_Image-caption web data_
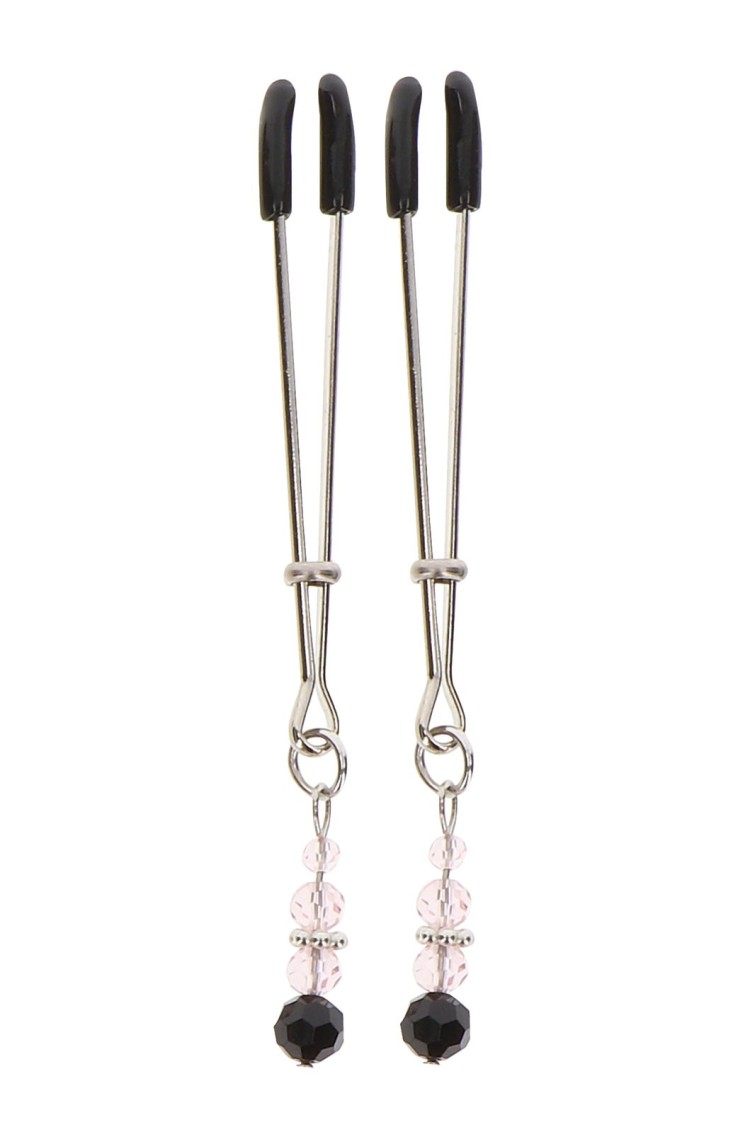 Zaciski Na Sutki Tweezers With Beads Taboom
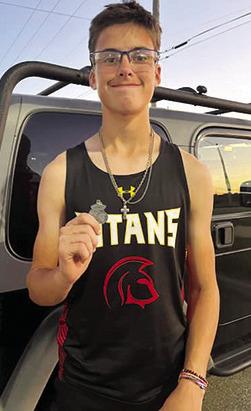 Krause wins JV  CC meet at Girard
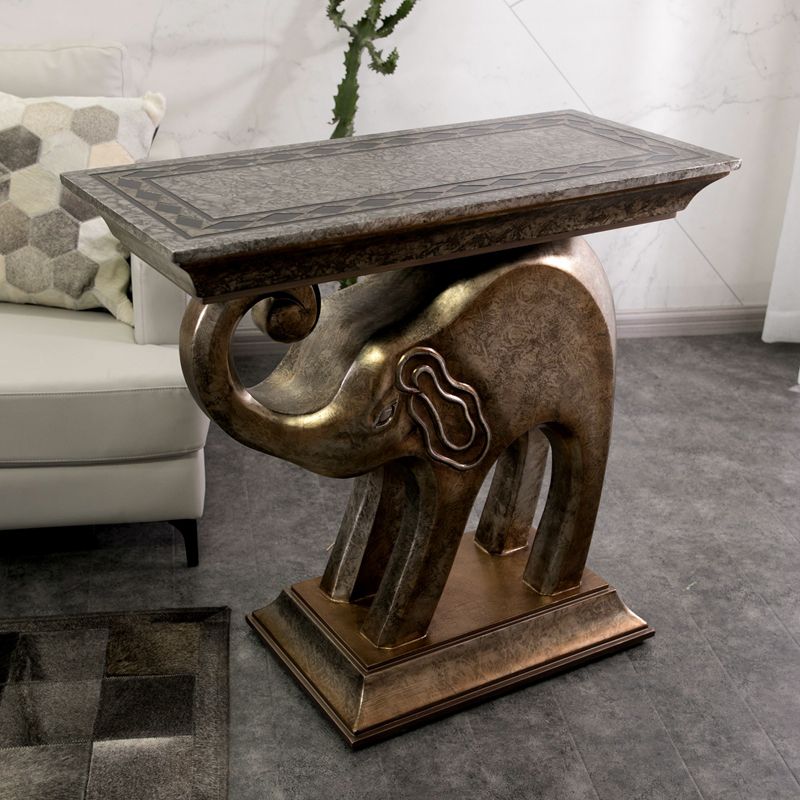 Tavolo di accento console contemporanea a forma di rettangolo tavolo di divano console in pietra per hall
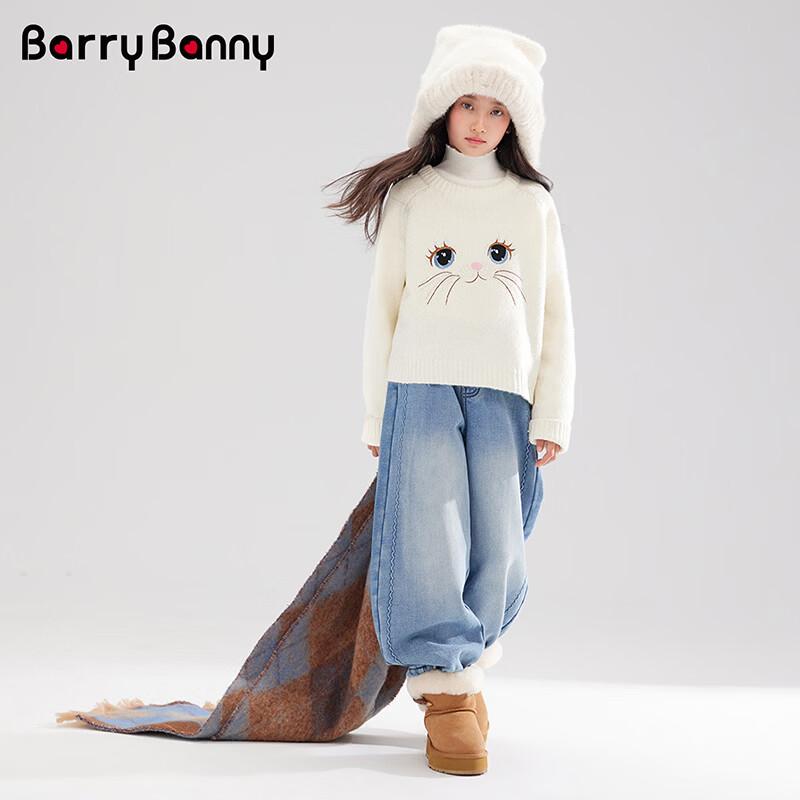 Детский вязаный свитер с мультяшным принтом BARRY BANNY для девочек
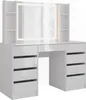 Toaletní stolek Vicco Sherry Bílá/bílý vysoký lesk 128.2 cm Náhled obrázku produktu 1
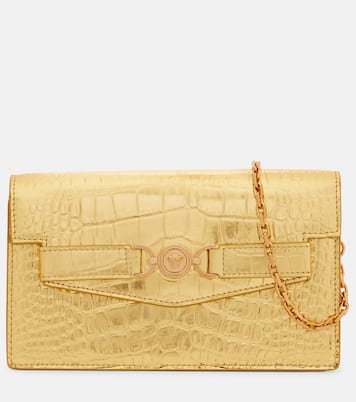 Borsa a spalla Medusa '95 in pelle metallizzata | Versace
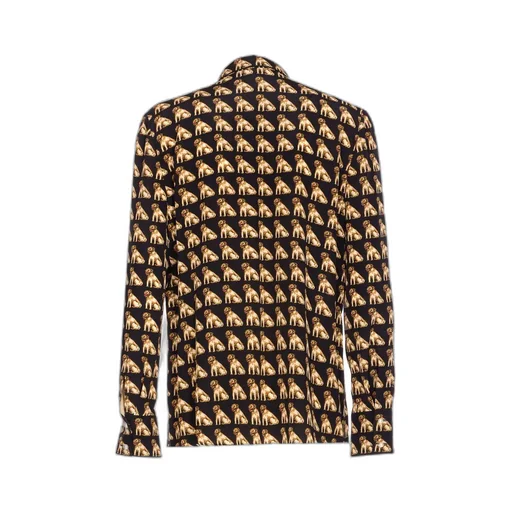 Printed Button-Up Shirt
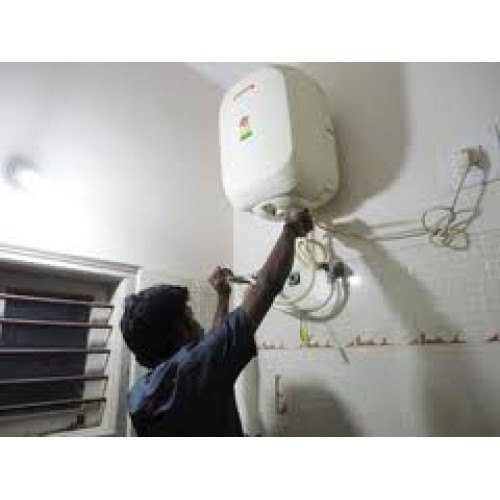 Geyser technician Mr. Abhijit Samanta in Belgharia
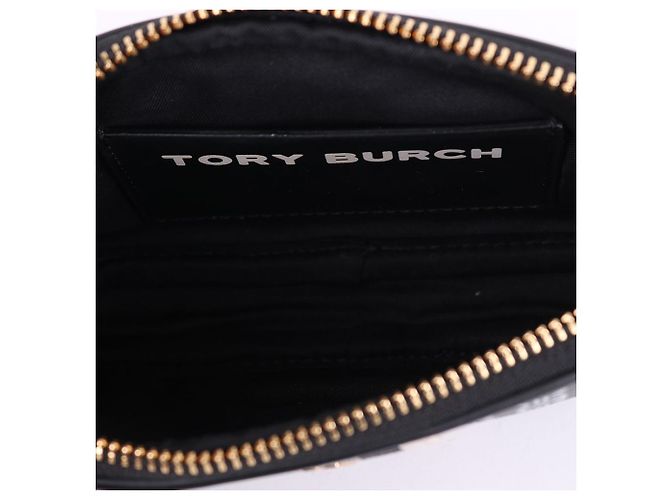 Tory Burch Borsa pouch Gemini con tracolla dorata, pochette non utilizzata Multicolore - vista 12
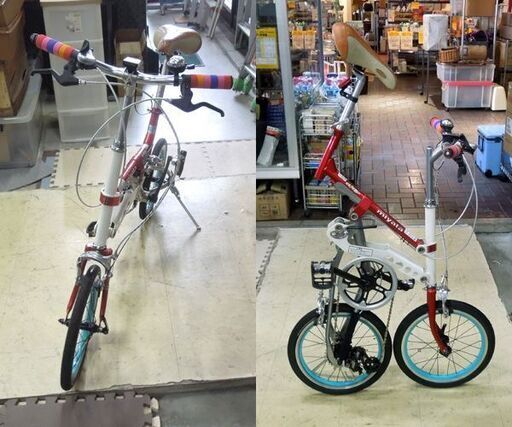 MIYATA Click Folding 16インチ 折りたたみ自転車 カスタム車 ミヤタ クリック フォールディング オブジェ 札幌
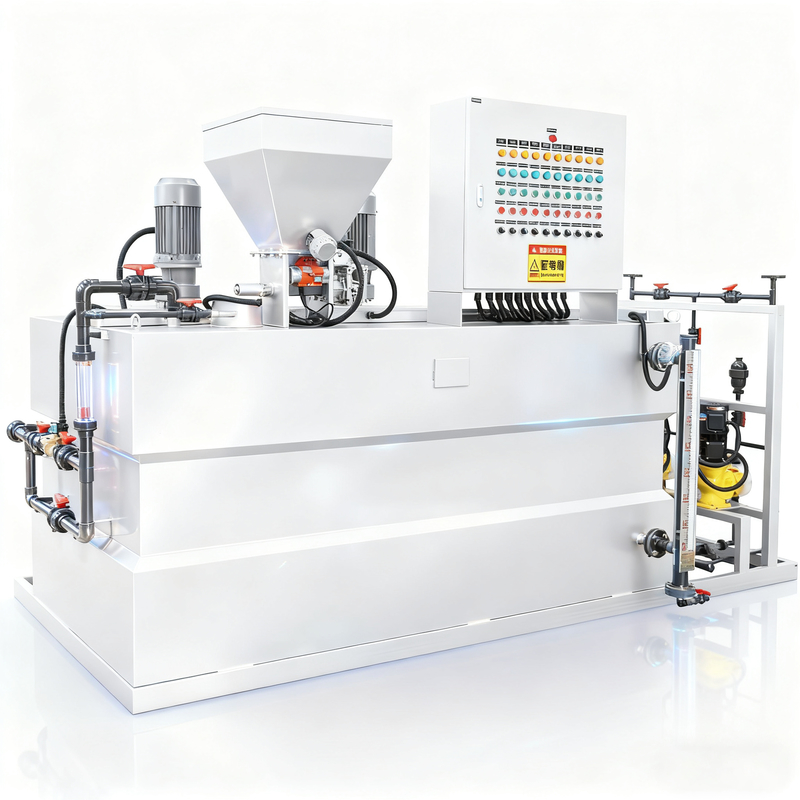 3000L/H Automatic Dosing System SS สำหรับการพิมพ์การย้อมสีการบำบัดน้ำเสีย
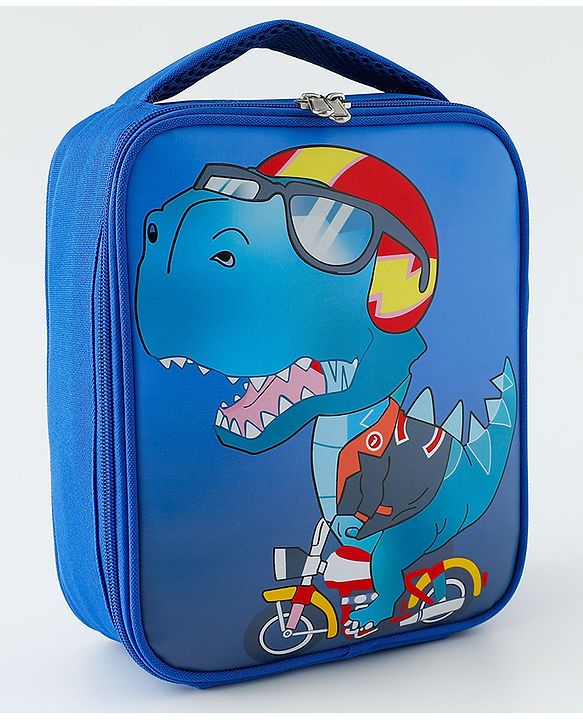 Babyhug Dino Water Resistant Lunch Bag -  Beige| Compact & Lightweight Lunch Carry Bag for Kids & Parents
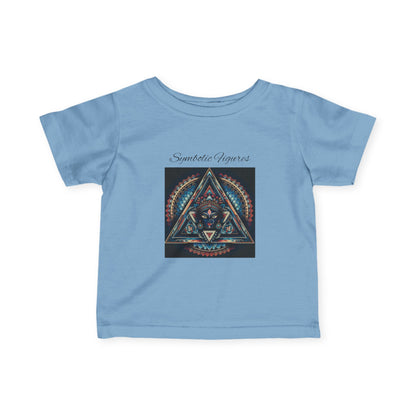 Infant Fine Jersey Tee with Geometric Design, Cute Baby T-Shirt, Unique Baby Gift, Toddler Fashion, Kids' Graphic Tee, Stylish Infant Wear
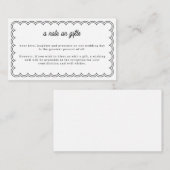 Minimale scalloped border note op cadeaukaart informatiekaartje (Voorkant / Achterkant)
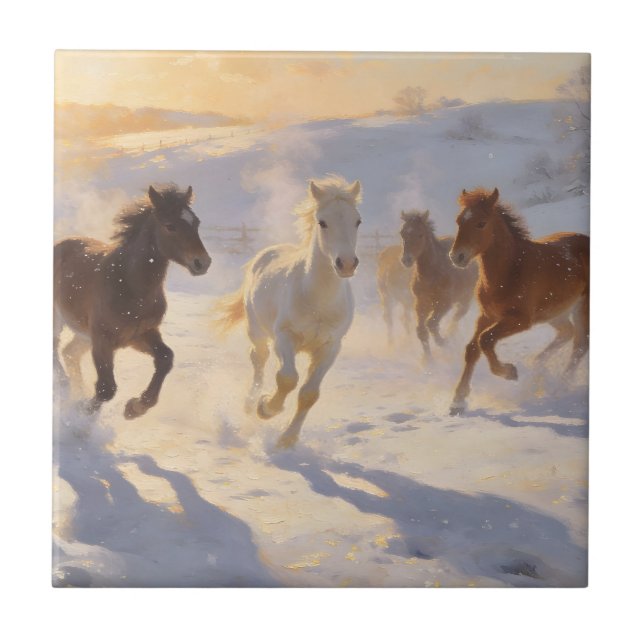 Foals at Play Kakelplatta (Framsidan)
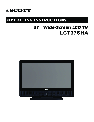 Scott Flat Panel Television LCT37SHA owners manual user guide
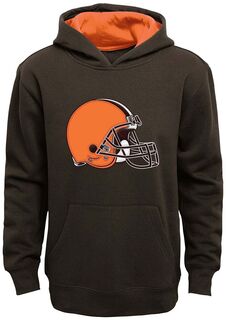 Пуловер с капюшоном Cleveland Browns Fan Gear Prime для больших мальчиков и девочек Outerstuff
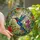 Nature Lovers' Vibrant Tiffany Stained Glass Hummingbird Tropical Foliage Jewel Tone Mosaic Edge-to-Edge Design Stained Glass Suncatcher - 1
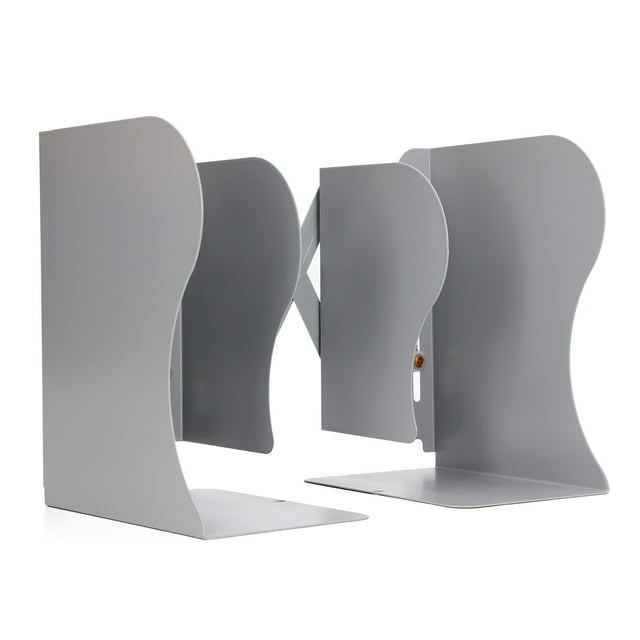 Tapones para librosSujetalibros retráctiles Sujetalibros completos para estantes Sujetalibros retráctiles elegantes y modernos Jadeshay A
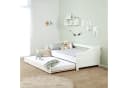 Homestyle4u Ausziehbett 90x200 Holz Gästebett mit Ausziehfunktion 2 Liegeflächen Doppelbett Bild 3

_BRIEF_
Reproduce every record above exactly, omitting the pictures.

_SOLUTION FOR THIS PROBLEM_
 Zaciski Na Sutki Tweezers With Beads Taboom
 Krause wins JV  CC meet at Girard
 Tavolo di accento console contemporanea a forma di rettangolo tavolo di divano console in pietra per hall
 Детский вязаный свитер с мультяшным принтом BARRY BANNY для девочек
 Toaletní stolek Vicco Sherry Bílá/bílý vysoký lesk 128.2 cm Náhled obrázku produktu 1
 Borsa a spalla Medusa '95 in pelle metallizzata | Versace
 Printed Button-Up Shirt
 Geyser technician Mr. Abhijit Samanta in Belgharia
 Tory Burch Borsa pouch Gemini con tracolla dorata, pochette non utilizzata Multicolore - vista 12
 MIYATA Click Folding 16インチ 折りたたみ自転車 カスタム車 ミヤタ クリック フォールディング オブジェ 札幌
 3000L/H Automatic Dosing System SS สำหรับการพิมพ์การย้อมสีการบำบัดน้ำเสีย
 Babyhug Dino Water Resistant Lunch Bag -  Beige| Compact & Lightweight Lunch Carry Bag for Kids & Parents
 Infant Fine Jersey Tee with Geometric Design, Cute Baby T-Shirt, Unique Baby Gift, Toddler Fashion, Kids' Graphic Tee, Stylish Infant Wear
 Minimale scalloped border note op cadeaukaart informatiekaartje (Voorkant / Achterkant)
 Foals at Play Kakelplatta (Framsidan)
 Scott Flat Panel Television LCT37SHA owners manual user guide
 Пуловер с капюшоном Cleveland Browns Fan Gear Prime для больших мальчиков и девочек Outerstuff
 Nature Lovers' Vibrant Tiffany Stained Glass Hummingbird Tropical Foliage Jewel Tone Mosaic Edge-to-Edge Design Stained Glass Suncatcher - 1
 Tapones para librosSujetalibros retráctiles Sujetalibros completos para estantes Sujetalibros retráctiles elegantes y modernos Jadeshay A
 Homestyle4u Ausziehbett 90x200 Holz Gästebett mit Ausziehfunktion 2 Liegeflächen Doppelbett Bild 3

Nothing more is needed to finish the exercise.